本発明のロボット制御方法は、ロボットに所定の動作を実行させるプログラムを実行する実行手段と、実行手段により第1のプログラムが実行されることにより蓄積されるデータを、第1のプログラムのバージョン番号と共に保持する保持手段と、保持手段によりデータと共に保持されている第1のプログラムのバージョン番号と、データを更新するか否かを示すフラグおよびデータとは異なる他のデータと共に格納媒体に格納された第2のプログラムのバージョン番号とを比較する比較手段と、フラグの状態が、データを更新しないように示す状態である場合、比較手段の比較結果が、第1のプログラムのバージョン番号が第2のプログラムのバージョン番号よりも小さいとき、保持手段により保持されているデータを維持し、フラグの状態が、データを更新するように示す状態である場合、または比較手段の比較結果が、第1のプログラムのバージョン番号が第2のプログラムのバージョン番号よりも小さくないとき、保持手段により保持されているデータを、格納媒体に格納された他のデータに更新する更新手段とを備えることを特徴とするロボット制御装置のロボット制御方法において、実行手段における、ロボットに所定の動作を実行させるプログラムを実行する実行ステップと、保持手段における、実行ステップの処理で第1のプログラムが実行されることにより蓄積されるデータを、第1のプログラムのバージョン番号と共に保持する保持ステップ(例えば、図8のフローチャートのステップS36の処理)と、比較手段における、保持ステップの処理でデータと共に保持されている第1のプログラムのバージョン番号と、データを更新するか否かを示すフラグおよびデータとは異なる他のデータと共に格納媒体に格納された第2のプログラムのバージョン番号とを比較する比較ステップ(例えば、図6のフローチャートのステップS15の処理)と、更新手段における、フラグの状態が、データを更新しないように示す状態である場合、比較ステップの処理での比較結果が、第1のプログラムのバージョン番号が第2のプログラムのバージョン番号よりも小さいとき、保持ステップの処理で保持されているデータを維持し、フラグの状態が、データを更新するように示す状態である場合、または比較制御ステップでの比較結果が、第1のプログラムのバージョン番号が第2のプログラムのバージョン番号よりも小さくないとき、保持制御ステップの処理により保持されているデータを、格納媒体に格納された他のデータに更新する更新ステップ(例えば、図6のフローチャートのステップS14の処理)とを含み、更新ステップの処理は、保持ステップの処理により保持されているデータを維持するとき、保持ステップの処理により保持可能なデータ数分だけ確保されている保持領域を、格納媒体により格納可能なデータ数分の保持領域に更新し、保持制御ステップの処理により保持されているデータを、第2のプログラムのバージョン番号と共に更新された保持領域に保持させ、フラグをデータを更新するように示す状態に設定することを特徴とする。

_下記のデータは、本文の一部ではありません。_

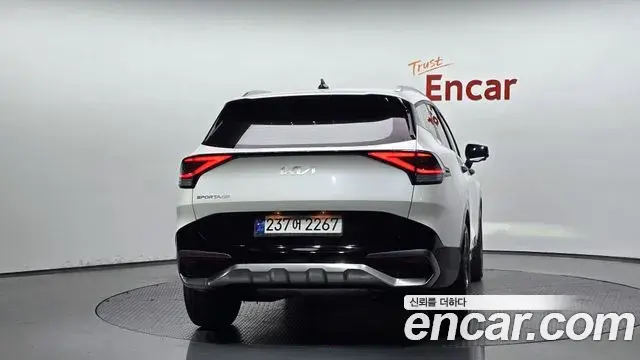 Kia Sportage 2021 — Фото 4/20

尚、記録媒体、および、プログラムに係る発明については、ロボット制御方法と同様であるので省略する。
図1は、本発明を適用したロボット1の一実施の形態の外観構成例を示しており、図2は、その電気的構成例を示している。
本実施の形態では、ロボット1は、例えば、犬等の四つ足の動物の形状のものとなっており、胴体部ユニット2の前後左右に、それぞれ脚部ユニット3A,3B,3C,3Dが連結されるとともに、胴体部ユニット2の前端部と後端部に、それぞれ頭部ユニット4と尻尾部ユニット5が連結されることにより構成されている。
尻尾部ユニット5は、胴体部ユニット2の上面に設けられたベース部5Bから、2自由度をもって湾曲または揺動自在に引き出されている。

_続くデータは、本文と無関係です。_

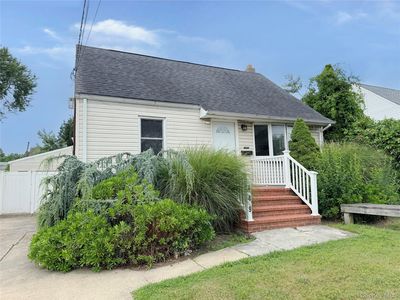 449 N Indiana Avenue, Lindenhurst, NY, 11757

胴体部ユニット2には、ロボット1全体の制御を行うコントローラ10、ロボット1の動力源となるバッテリ11、並びにバッテリセンサ12および熱センサ13からなる内部センサ部14などが収納されている。
頭部ユニット4には、「耳」に相当するマイク(マイクロフォン)15、「目」に相当するCCD(Charge Coupled Device)カメラ16、「触覚」に相当するタッチセンサ17、および「口」に相当するスピーカ18が、それぞれ所定位置に配設されている他、LED(Light Emitting Diode)19が、「目」の位置の設けられている。また、頭部ユニット4には、口の下顎に相当する下顎部4Aが1自由度をもって可動に取り付けられており、この下顎部4Aが動くことにより、ロボット1の口の開閉動作が実現されるようになっている。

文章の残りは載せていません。